Rafael Mariano, former agrarian reform secretary, said that both the demolitions done on January 26 and 28 were illegal because the farmers weren’t consulted, they didn’t receive a notice of demolition, and there are no plans for their relocation. 

"The goons took everything, even the chicken eggs. They left after 30 minutes as if nothing happened," Marie said.

"We have no more houses to return to. The MRT-7 is still being built, but we are already being displaced," Peña said.

Ramil also said they haven’t even met the buyer of their land, what they have only been told was they will be evicted and only the caretaker will be paid. 

"Parang trinato kaming aso (They treated us like dogs). Where will we go after they take our land away from us?" Ramil said.

Peña said his kids can’t sleep at night because of the trauma of the demolition. 

'We did nothing wrong, so why are we the ones running?'

Rose on her way to their field to harvest cassava

The week after the violent encounter, instead of cowering in fear, Rose went back to the field and still harvested vegetables. 

Not because nothing happened, but because she had to work so that her family could eat and put food on people’s tables. 

“We did nothing wrong, so why are we the ones running?” she asked.

“We support development, but we are against 'development' that excludes most Filipinos and only benefits the ones with money,” she said.  

“Sometimes, I think I should just go on TikTok just so people would notice the farmers’ struggles.

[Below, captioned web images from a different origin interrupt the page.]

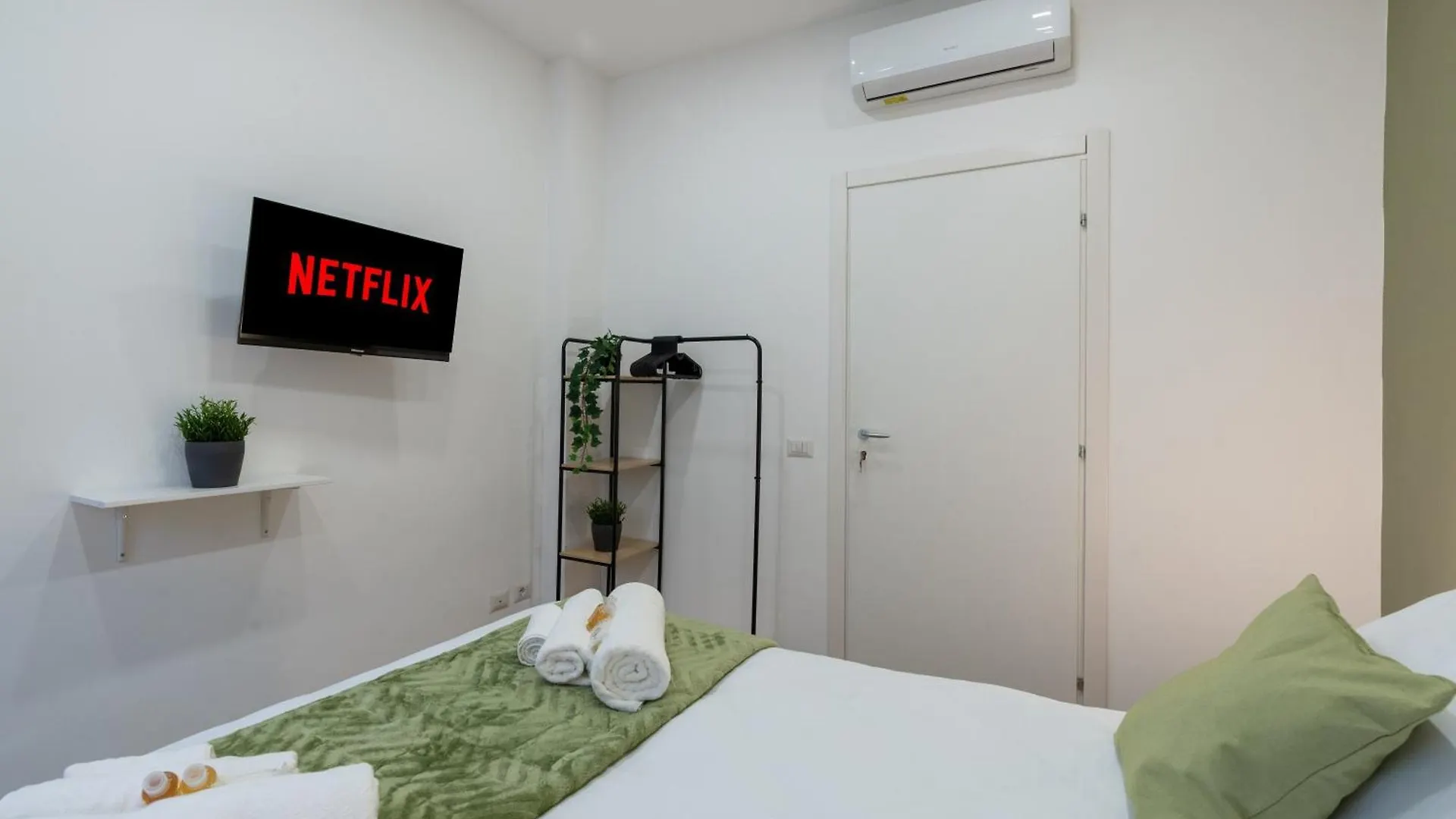 {10 Minutes From Centre} Free Wi-Fi & Netflix Apartment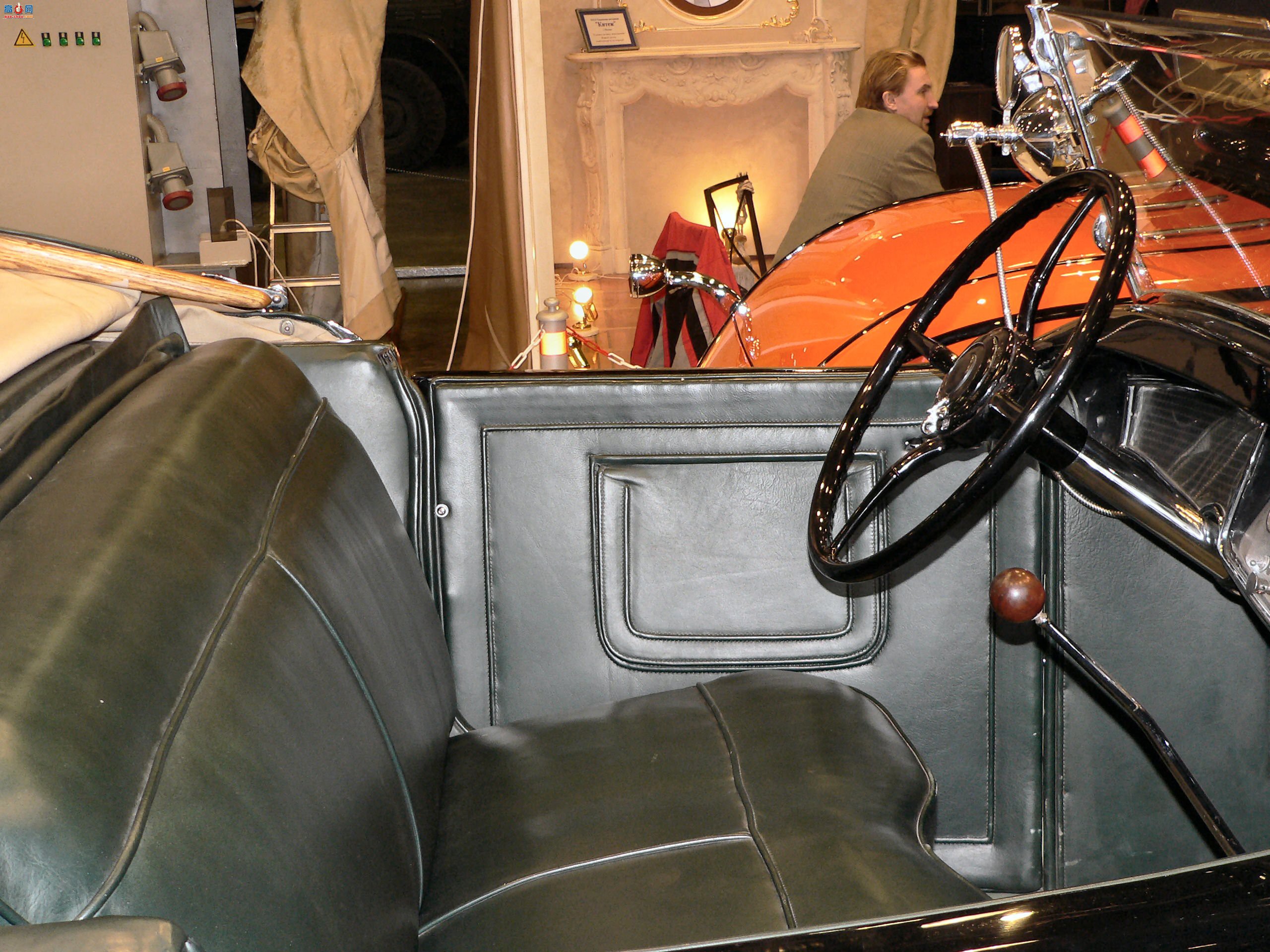 �� 1930 �������� V16 �˶��ܳ�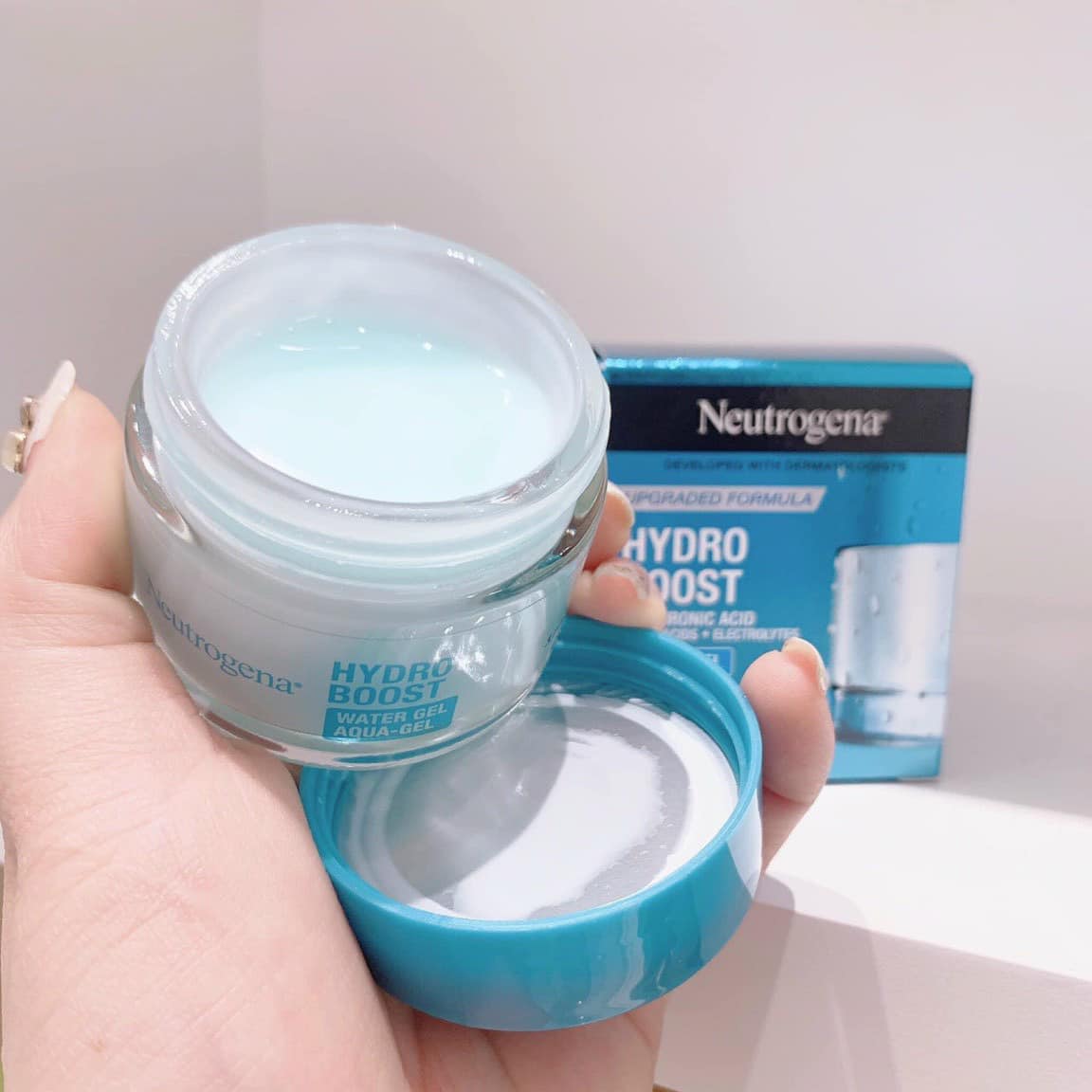 KEM DƯỠNG NEUTROGENA AQUA GEL/ WATER GEL 50G PHÁP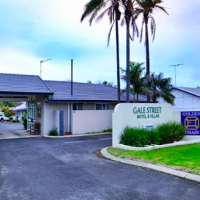 Gale Street Motel & Villas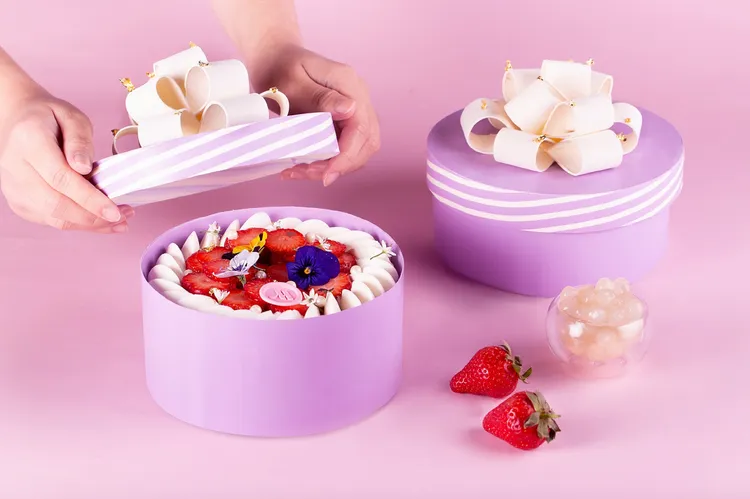 台北萬豪酒店母親節限定蛋糕「濃芋馨情」6吋，售價980元。業者提供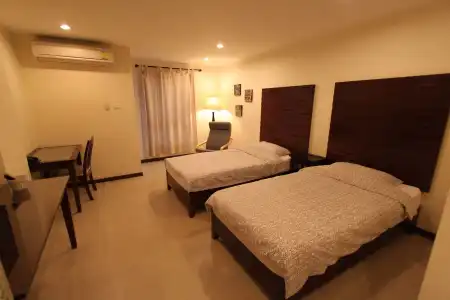 The Royal Bee Apart - 2
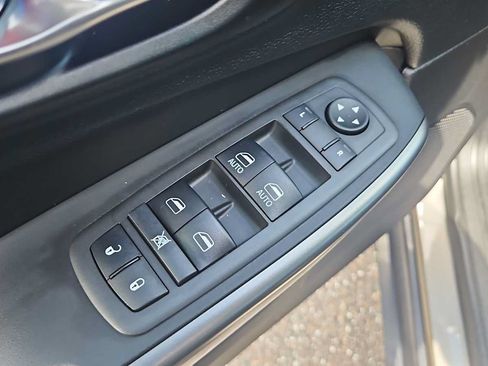 Used 2021 Jeep Cherokee Latitude Plus w/ Mopar Interior Package AWD/4WD image 15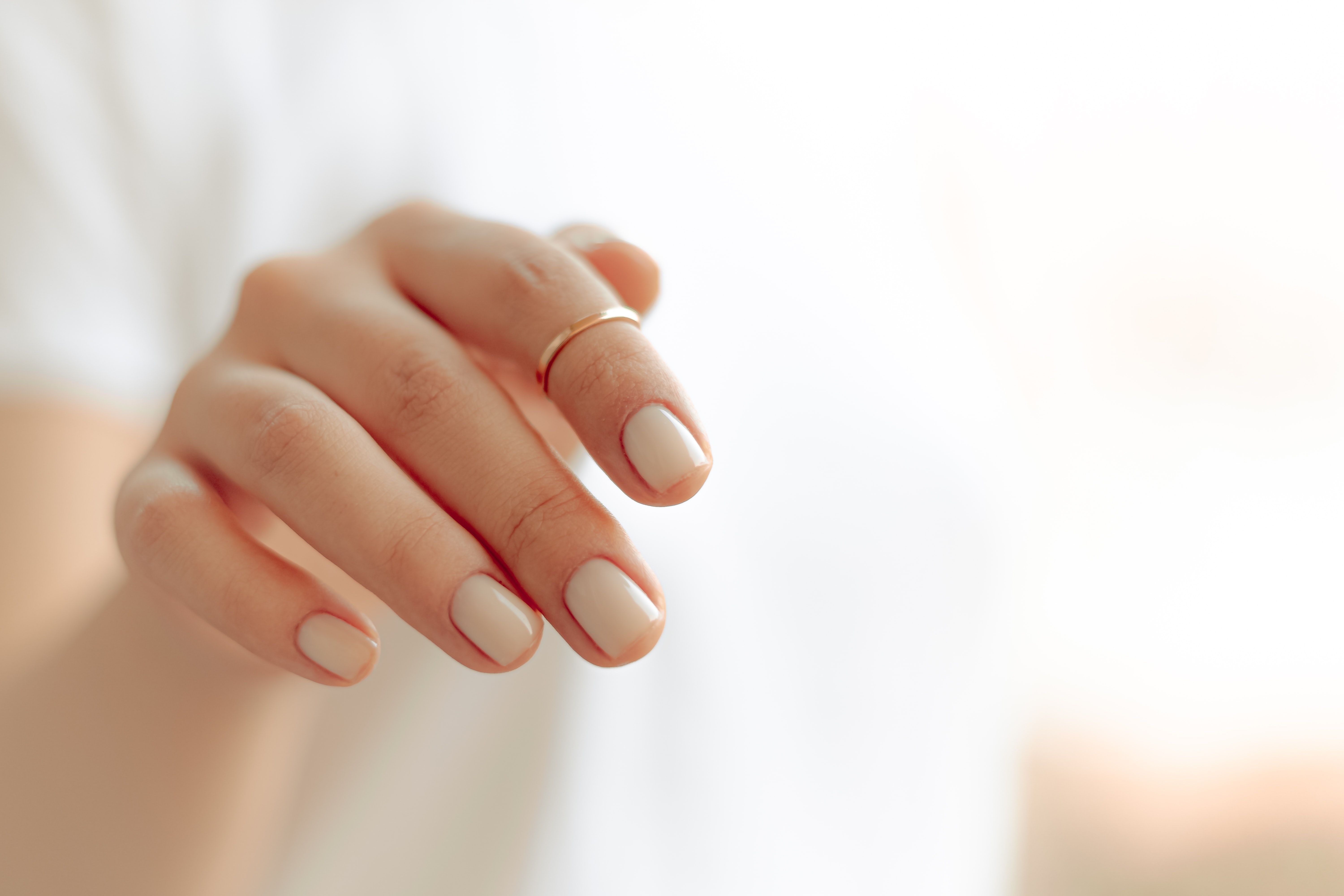 Odżywka w tubce na zadzierające się skórki i słabo rosnące paznokcie |  Ofeminin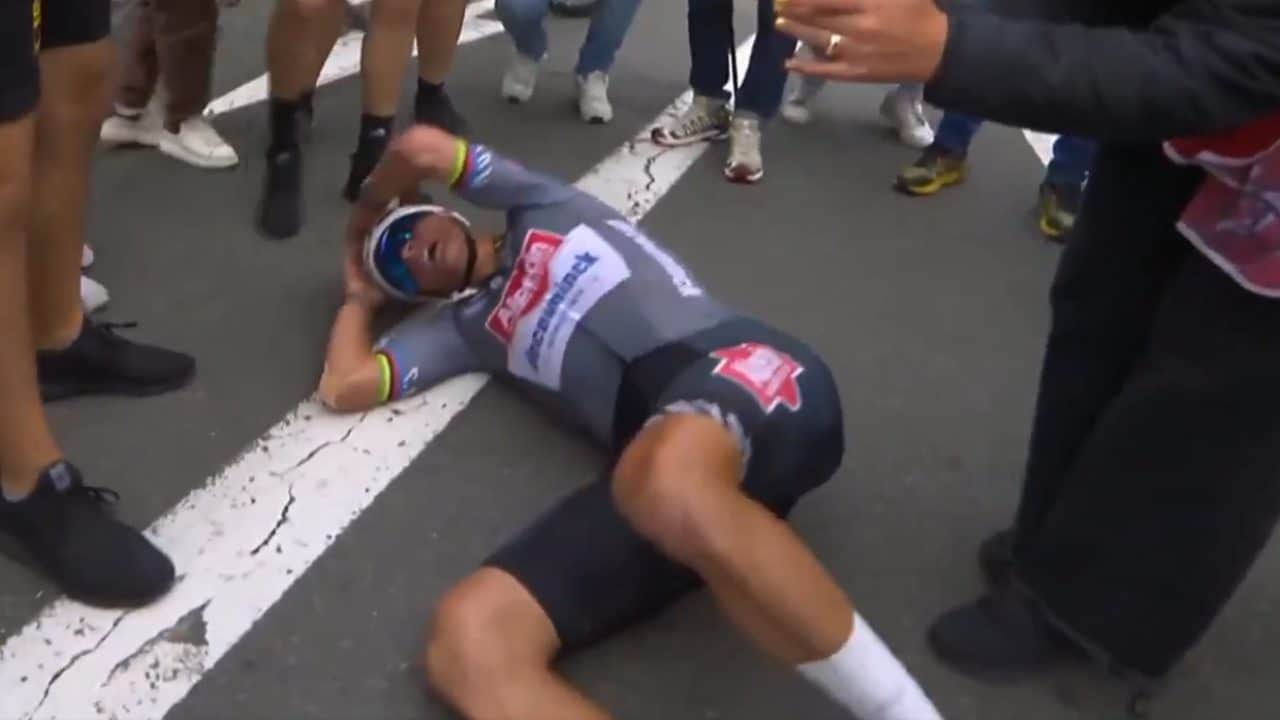 Van der Poel crolla sull'asfalto al traguardo del Tour de France: "L'abbiamo fatta davvero forte"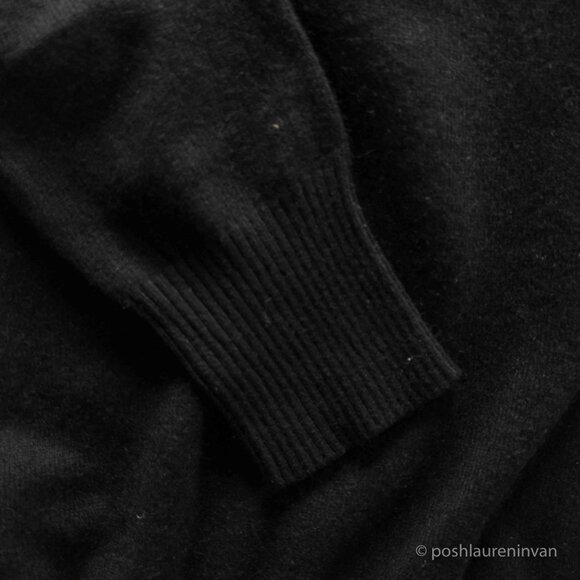 100% Cashmere V Neck Sweater – Black – Women's Small - Picture 5 of 8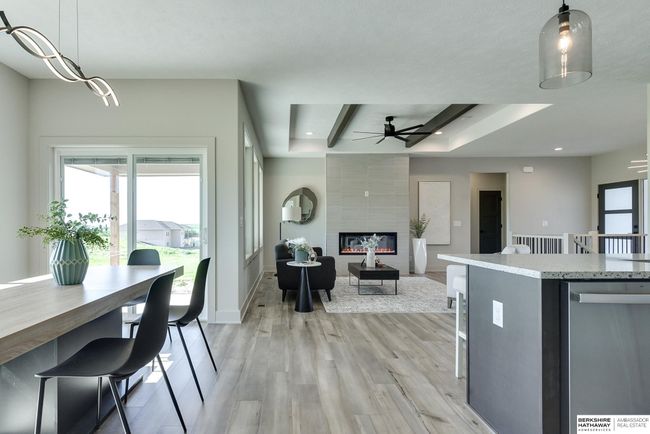 11106 N 161 St St, House other with 5 bedrooms, 3 bathrooms and 3 parking in Bennington NE | Image 34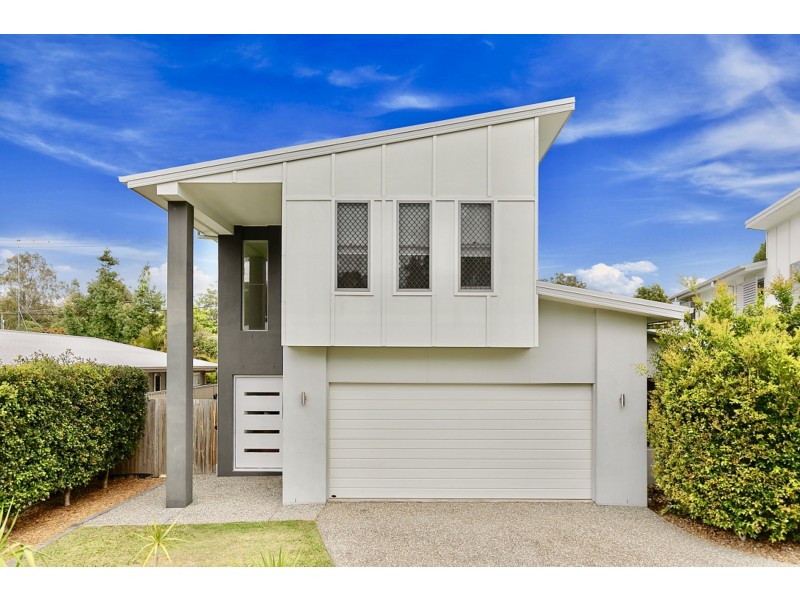 7B Bream Place, Redland Bay QLD 4165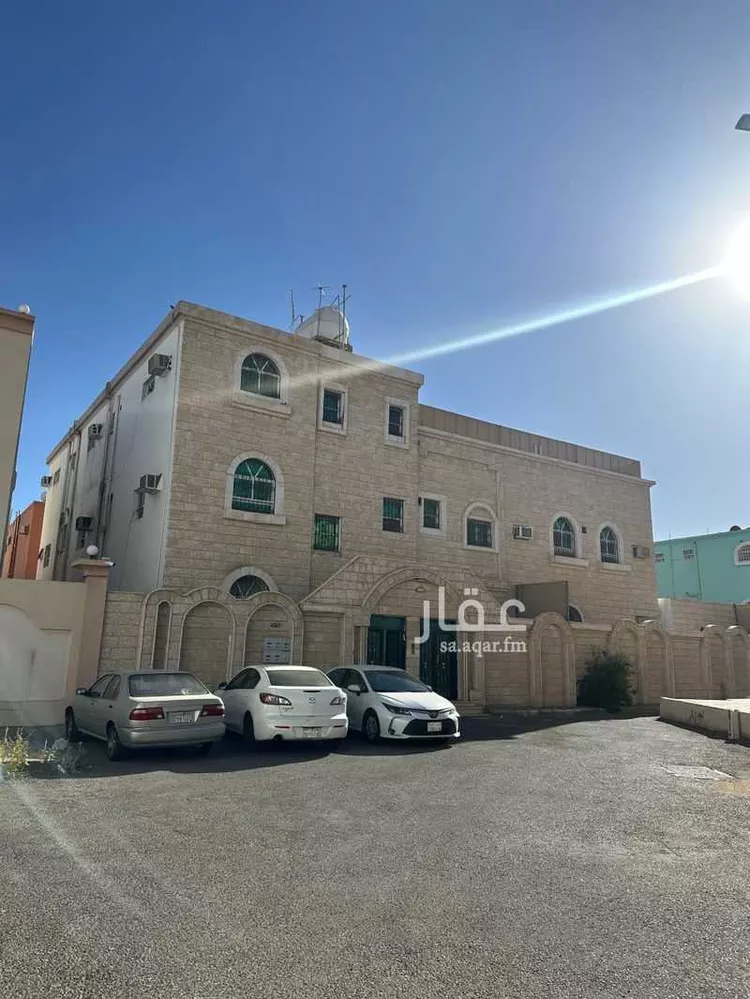 فيلا للبيع في شارع ابي الجود, حي الفيصلية الجنوبية, مدينة تبوك, منطقة تبوك صورة 2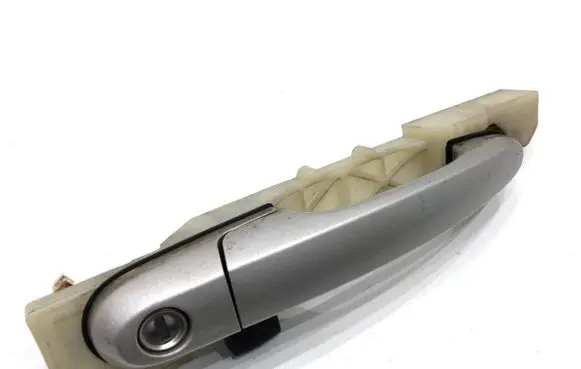 Hyundai Tucson JM Front door exterior handle 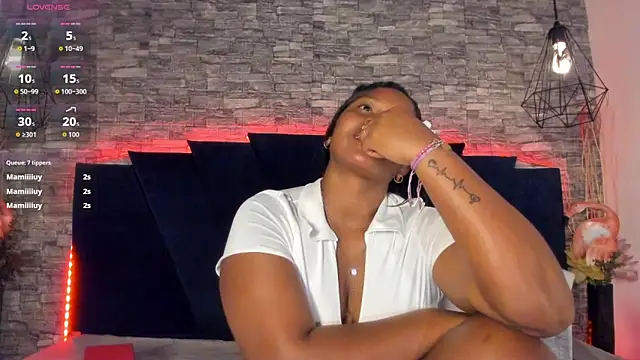 Emily_Brown18 Live XXX-chat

But I can't harvest crops while dancing,” she added trying to lighten the situation. 

“I hope people could listen to us because we’re not just fighting for our right to till our land, we’re also fighting so that people can eat.”



*Victims asked for their names to be changed to protect their identity

Geela Garcia is a freelance multimedia journalist and peasant advocate based in Manila.